# Data shown
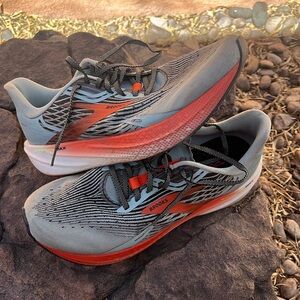 Brooks Hyperion Max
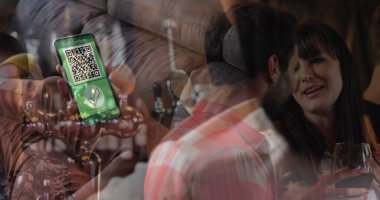 Randevu sırasında birden fazla çifte karşı ekranda QR kodlu bir akıllı telefonu tutan kadının kompozisyonu. covid-19 aşı sertifikası ve sağlık kartı konsepti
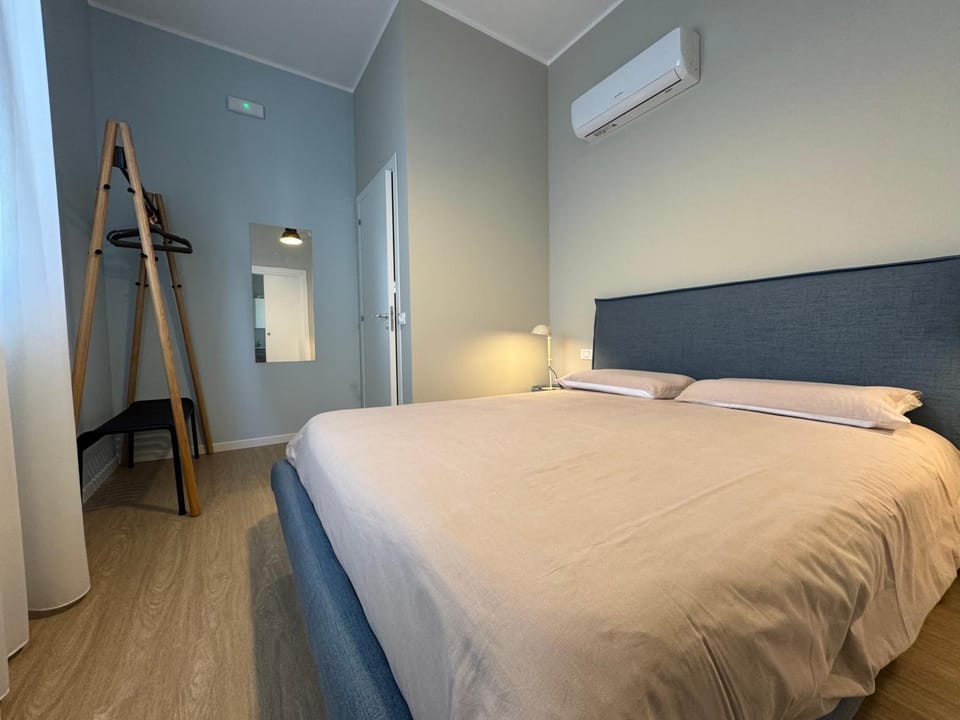 Bed, Photo of the whole room, Bedroom, air conditioner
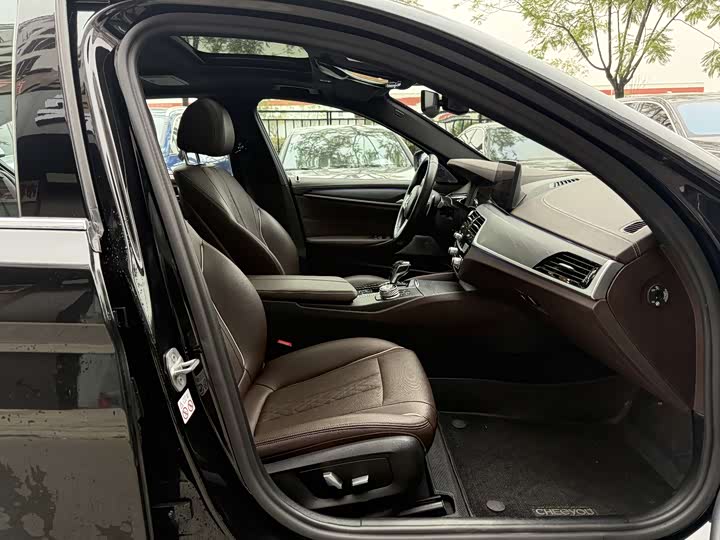 Фото 8 - BMW 5 Series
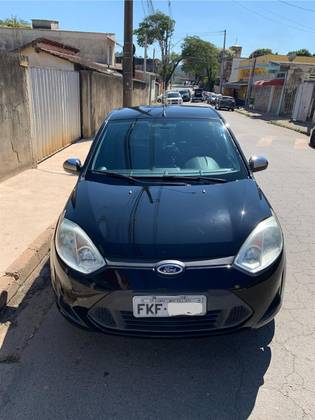 FORD FIESTA 1.6 ROCAM SEDAN 8V FLEX 4P MANUAL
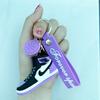 Llavero creativo nuevo de zapatos de fútbol, llavero colgante de recuerdo de juegos de fútbol de goma suave, pequeño regalo al por mayor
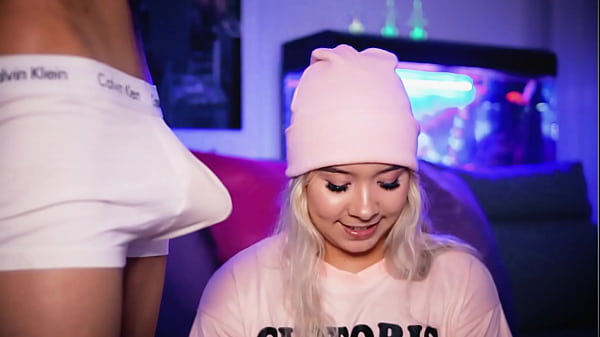 Cute Looking Webcamer Slut Demonstrates Her Ability To Please A Hard Cock thumbnail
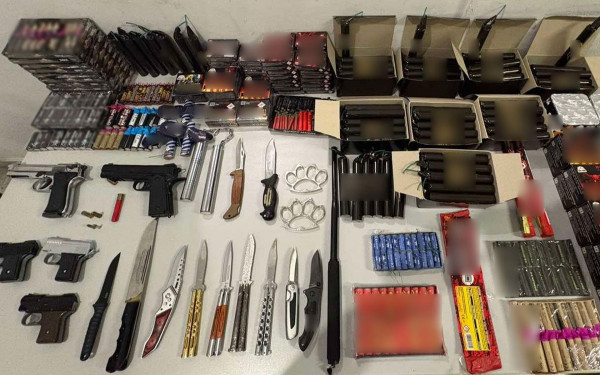 Ελληνικό: Χειροπέδες σε δύο 26χρονους με «οπλοστάσιο» κροτίδων και μαχαιριών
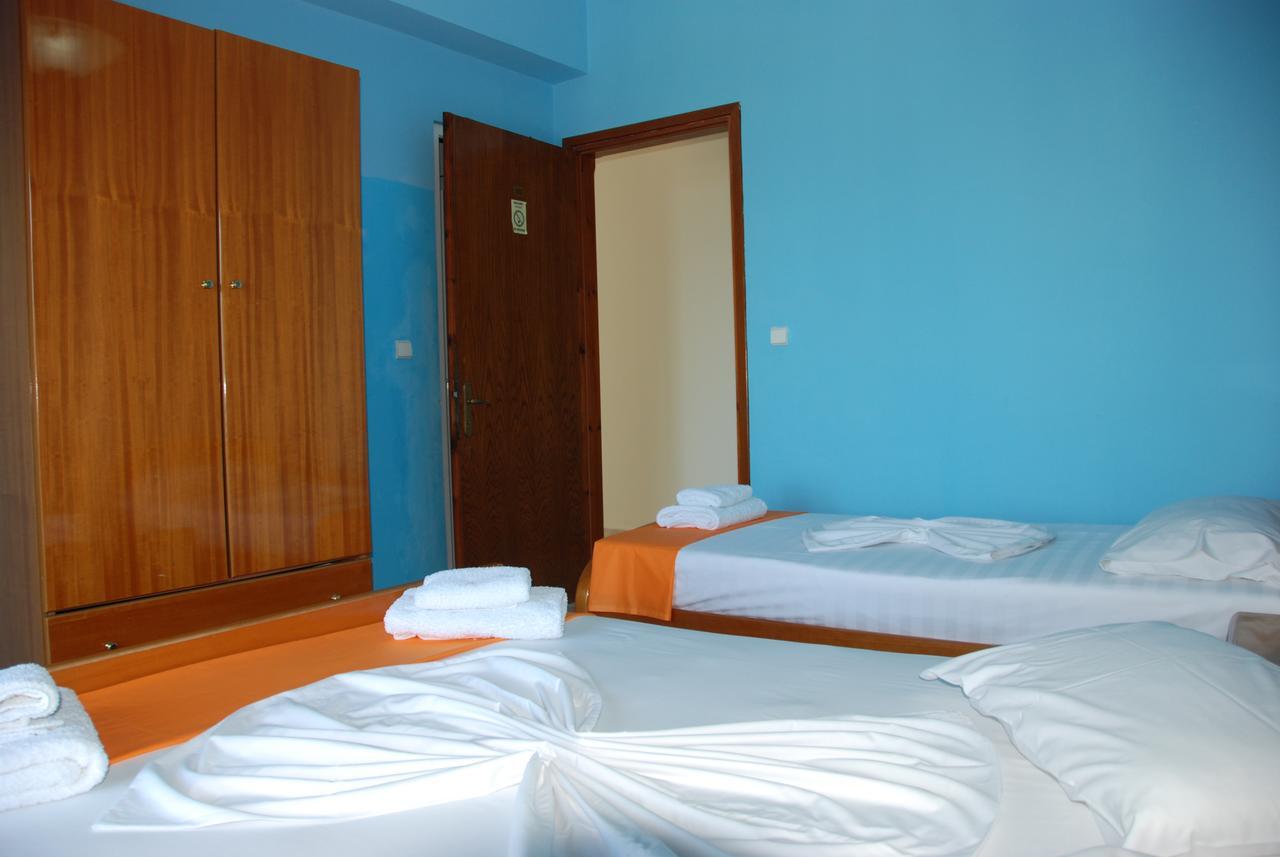 Hotel Dea Саранда Экстерьер фото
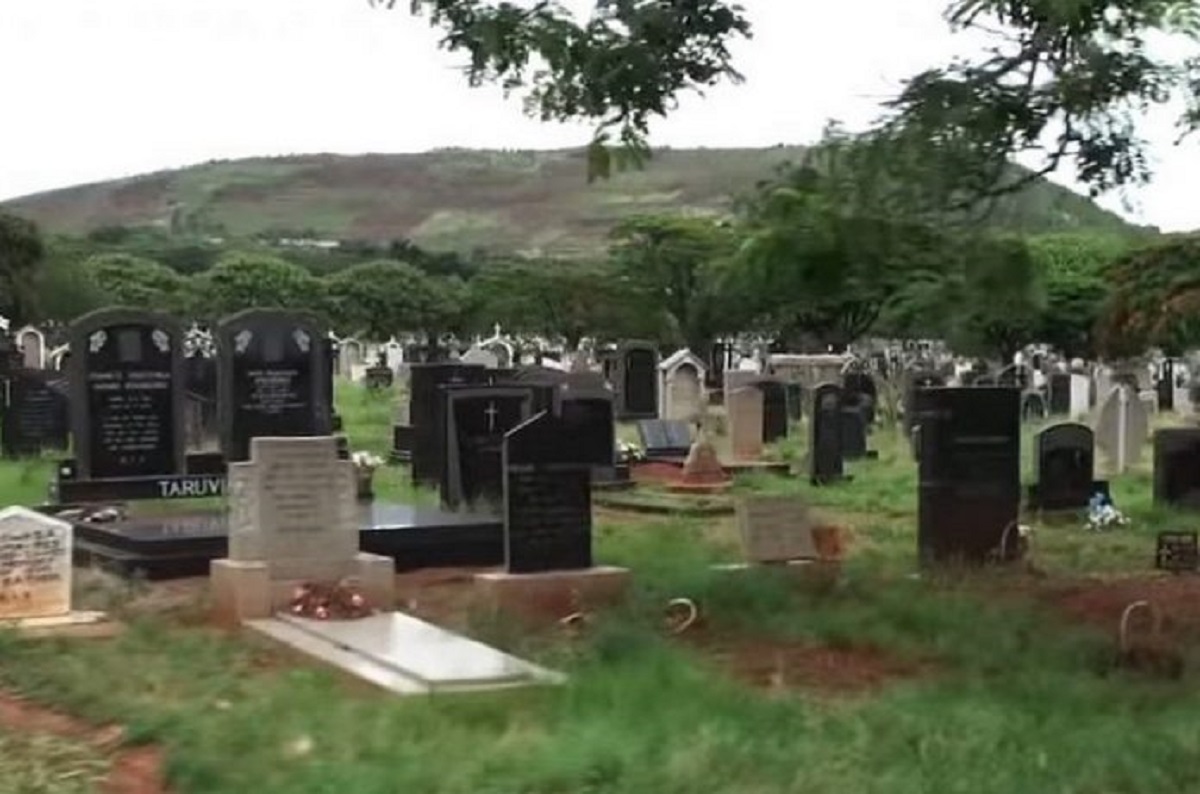 Unidentified SA Men Caught Watching Porn And Masturbating On Graves In KwaZulu-Natal
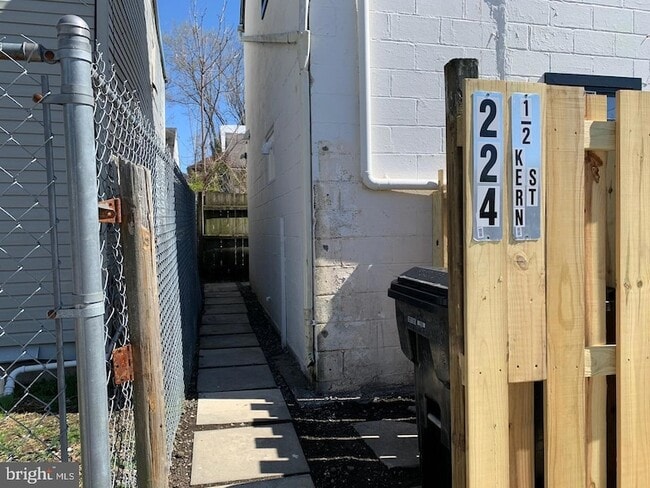 Building Photo - 224 1/2 Kern Street Unit 224 1/2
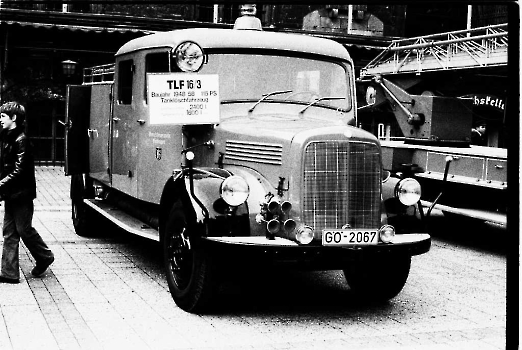 19741016 BF Feuerwehrschau TLF 16 8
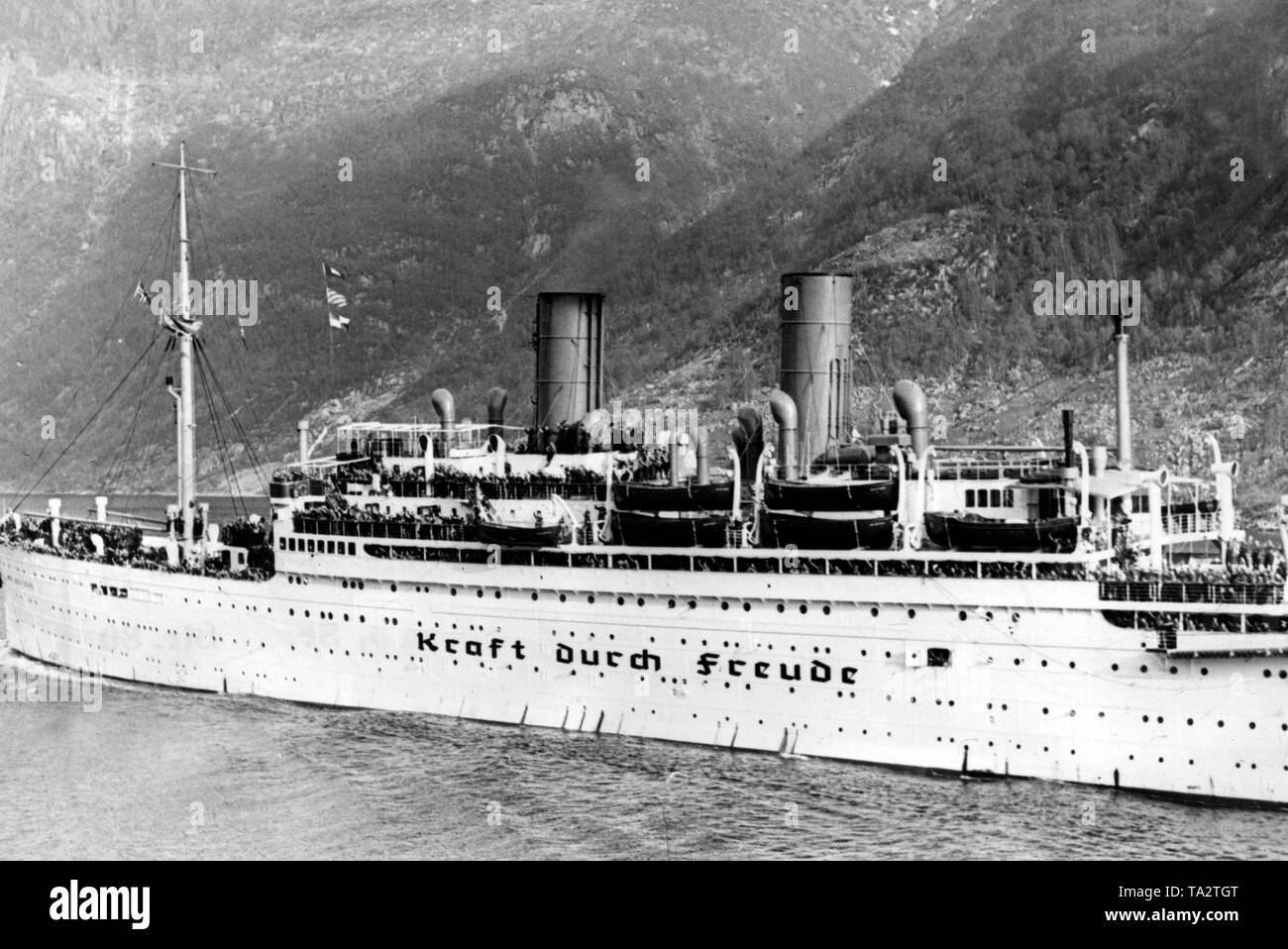 View of a cruise ship of the Nazi organization 'Kraft durch Freude' ('Strength through Joy') off the Norwegian coast. Stock Photo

# Try it
The material must be restated verbatim. Its pictures must be omitted.

# Result for this exercise
 Brooks Hyperion Max
 Randevu sırasında birden fazla çifte karşı ekranda QR kodlu bir akıllı telefonu tutan kadının kompozisyonu. covid-19 aşı sertifikası ve sağlık kartı konsepti
 Bed, Photo of the whole room, Bedroom, air conditioner
 Фото 8 - BMW 5 Series
 FORD FIESTA 1.6 ROCAM SEDAN 8V FLEX 4P MANUAL
 Llavero creativo nuevo de zapatos de fútbol, llavero colgante de recuerdo de juegos de fútbol de goma suave, pequeño regalo al por mayor
 Cute Looking Webcamer Slut Demonstrates Her Ability To Please A Hard Cock thumbnail
 Ελληνικό: Χειροπέδες σε δύο 26χρονους με «οπλοστάσιο» κροτίδων και μαχαιριών
 Hotel Dea Саранда Экстерьер фото
 Unidentified SA Men Caught Watching Porn And Masturbating On Graves In KwaZulu-Natal
 Building Photo - 224 1/2 Kern Street Unit 224 1/2
 19741016 BF Feuerwehrschau TLF 16 8
 View of a cruise ship of the Nazi organization 'Kraft durch Freude' ('Strength through Joy') off the Norwegian coast. Stock Photo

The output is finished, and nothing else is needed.